Claire n’avait jamais revu la robe verte. Elle l’avait laissée dans un carton, entre les pulls d’hiver et les maquettes en carton. Un dimanche d’octobre, elle l’a sortie pour la donner à une association du quartier. En la pliant, elle a trouvé le plan du jardin intérieur, celui avec le banc en fer forgé et le cerisier à fleurs japonais. Il était encore là, sous la robe, lisse, à peine froissé.

Elle l’a posé sur la table de la cuisine. Ulysse est monté s’asseoir dessus. Il a posé une patte au centre du petit banc.

Claire a compris que c’était sa façon de dire : ici, on reste.

Elle a attendu que Gabriel rentre du travail.

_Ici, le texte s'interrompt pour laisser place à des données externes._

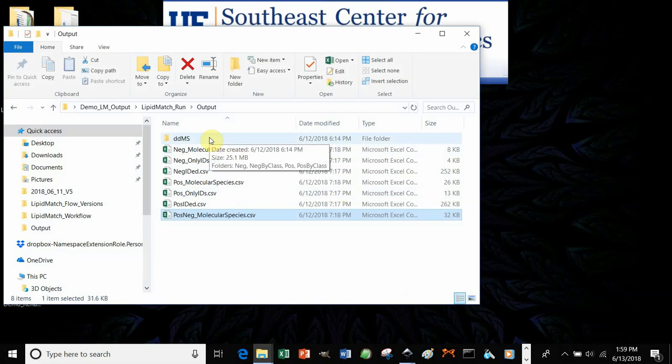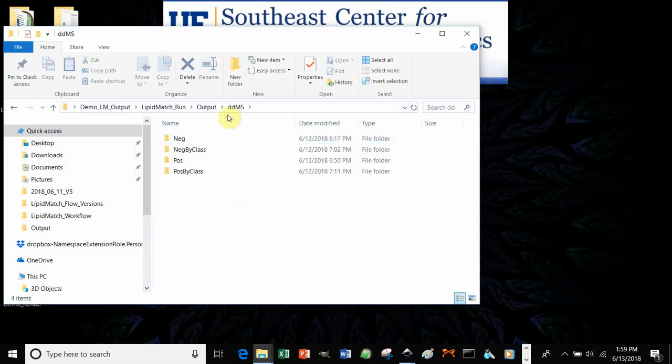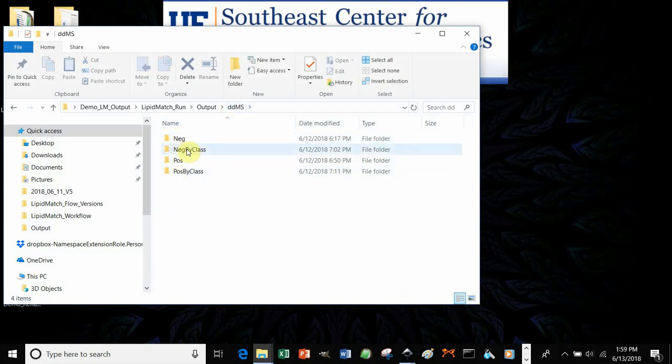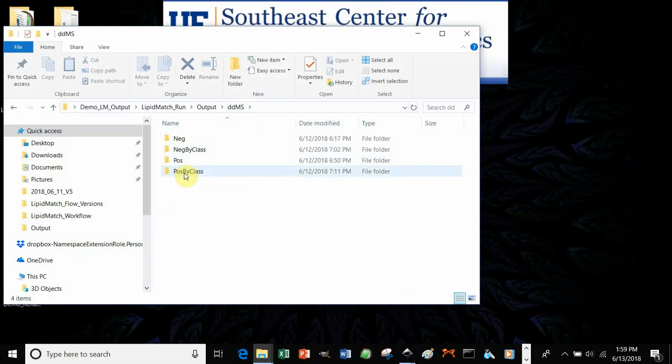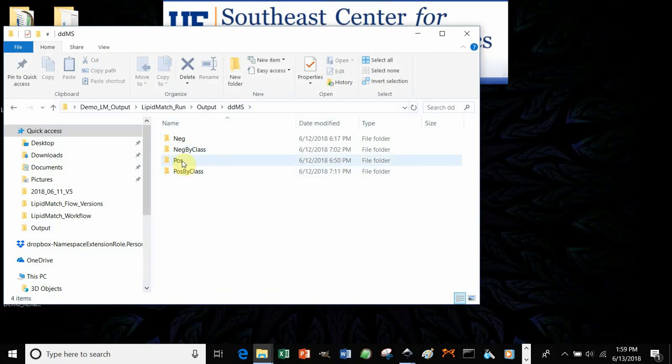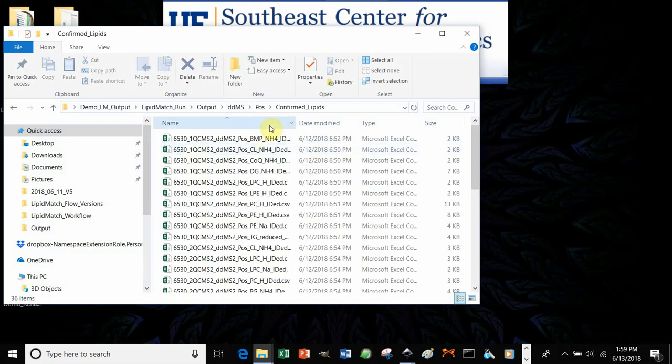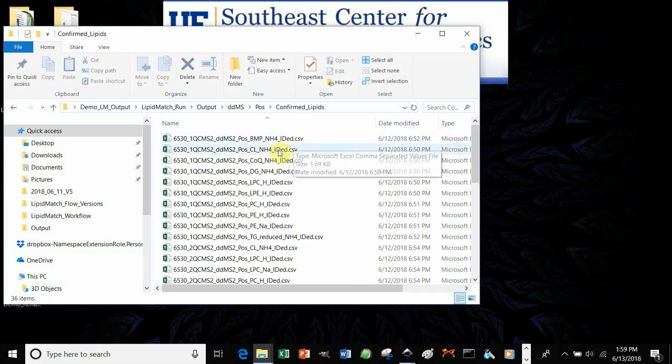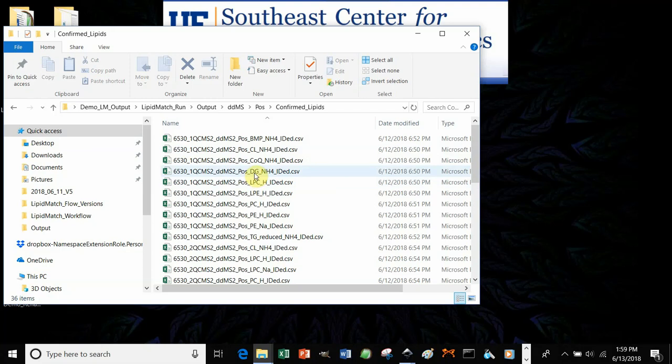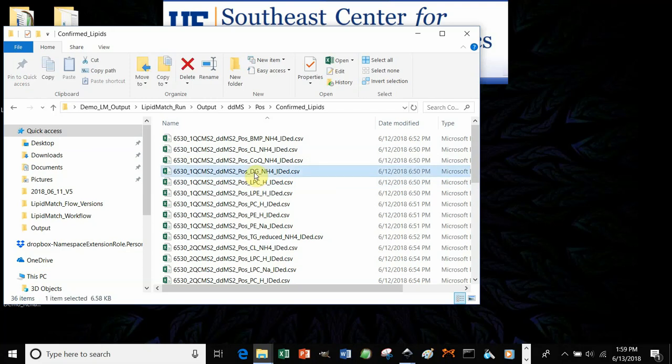Now I'll just go over some additional files that you can get. So if you go into your data-dependent folder, you have your neg, ones only confirmed by class in negative ion mode, ones in positive ion mode, and only confirmed by class in positive ion mode. If you go to positive, confirm lipids, and let's say we want to look at DGs, and there are certain DGs we want to know how they were identified. We can double-click this file.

Et quand il a poussé la porte, elle lui a tendu une enveloppe.

— Qu’est-ce que c’est ?

— J’ai répondu à l’annonce. Le jardin ouvrier du bout de la rue. Il restait une parcelle.

Gabriel a ouvert l’enveloppe. Dedans : le formulaire d’inscription, rempli au nom de Gabriel, et glissé dans la feuille, le plan qu’il avait dessiné l’année d’avant.

— Je l’ai pliée avec le contrat, a dit Claire. Je me suis dit que c’était le plus simple.

Gabriel a regardé le plan, puis le chat assis sur le banc dessiné. Il a ri, d’un rire bizarre, entre l’étonnement et autre chose, puis il a détaché la clochette du collier d’Ulysse.

— Tiens, a-t-il dit à Claire. Garde-la. C’est toi qui l’entendra le mieux.

Et il est sorti sur le palier, le formulaire à la main, sans fermer la porte.